### Work task
Below are several entries. Transcribe exactly those lines that fall from the one with "Smead ETS Color-Coded" through the one with "Porcelain Ink Dish", end lines included.
*** Recorded data ***
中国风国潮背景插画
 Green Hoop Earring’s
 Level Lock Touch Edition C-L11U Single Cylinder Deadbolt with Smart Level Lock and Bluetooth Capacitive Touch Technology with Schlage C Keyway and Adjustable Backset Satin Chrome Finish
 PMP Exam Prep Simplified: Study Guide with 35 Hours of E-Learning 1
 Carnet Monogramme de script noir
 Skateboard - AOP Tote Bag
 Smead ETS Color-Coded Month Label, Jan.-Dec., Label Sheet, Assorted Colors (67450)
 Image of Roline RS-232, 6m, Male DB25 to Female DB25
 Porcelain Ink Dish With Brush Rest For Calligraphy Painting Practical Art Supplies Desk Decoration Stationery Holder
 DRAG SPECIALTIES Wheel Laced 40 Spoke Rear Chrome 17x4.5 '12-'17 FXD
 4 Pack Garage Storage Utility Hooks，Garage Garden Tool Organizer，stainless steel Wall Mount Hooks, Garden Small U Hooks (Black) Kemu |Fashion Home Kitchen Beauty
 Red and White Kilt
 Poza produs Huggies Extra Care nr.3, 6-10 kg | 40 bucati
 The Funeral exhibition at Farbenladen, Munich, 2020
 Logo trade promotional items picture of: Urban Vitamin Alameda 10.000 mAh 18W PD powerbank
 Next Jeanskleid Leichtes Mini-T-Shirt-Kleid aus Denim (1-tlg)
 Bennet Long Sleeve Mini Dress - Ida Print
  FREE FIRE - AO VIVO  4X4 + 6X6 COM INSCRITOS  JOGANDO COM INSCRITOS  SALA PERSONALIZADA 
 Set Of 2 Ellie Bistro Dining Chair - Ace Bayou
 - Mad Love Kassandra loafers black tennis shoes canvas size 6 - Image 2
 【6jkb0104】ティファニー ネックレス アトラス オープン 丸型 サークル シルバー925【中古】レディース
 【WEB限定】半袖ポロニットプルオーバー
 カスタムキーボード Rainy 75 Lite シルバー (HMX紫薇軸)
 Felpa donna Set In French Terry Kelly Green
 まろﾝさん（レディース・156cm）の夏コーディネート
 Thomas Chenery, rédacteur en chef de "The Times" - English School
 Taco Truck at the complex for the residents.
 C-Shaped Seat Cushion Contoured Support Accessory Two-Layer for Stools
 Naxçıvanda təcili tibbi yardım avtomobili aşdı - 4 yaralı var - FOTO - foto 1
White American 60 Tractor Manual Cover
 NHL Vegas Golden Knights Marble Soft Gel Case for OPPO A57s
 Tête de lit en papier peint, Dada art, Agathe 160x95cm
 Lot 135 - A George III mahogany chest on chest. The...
*** End of Recorded data ***
### Exercise solution
 Smead ETS Color-Coded Month Label, Jan.-Dec., Label Sheet, Assorted Colors (67450)
 Image of Roline RS-232, 6m, Male DB25 to Female DB25
 Porcelain Ink Dish With Brush Rest For Calligraphy Painting Practical Art Supplies Desk Decoration Stationery Holder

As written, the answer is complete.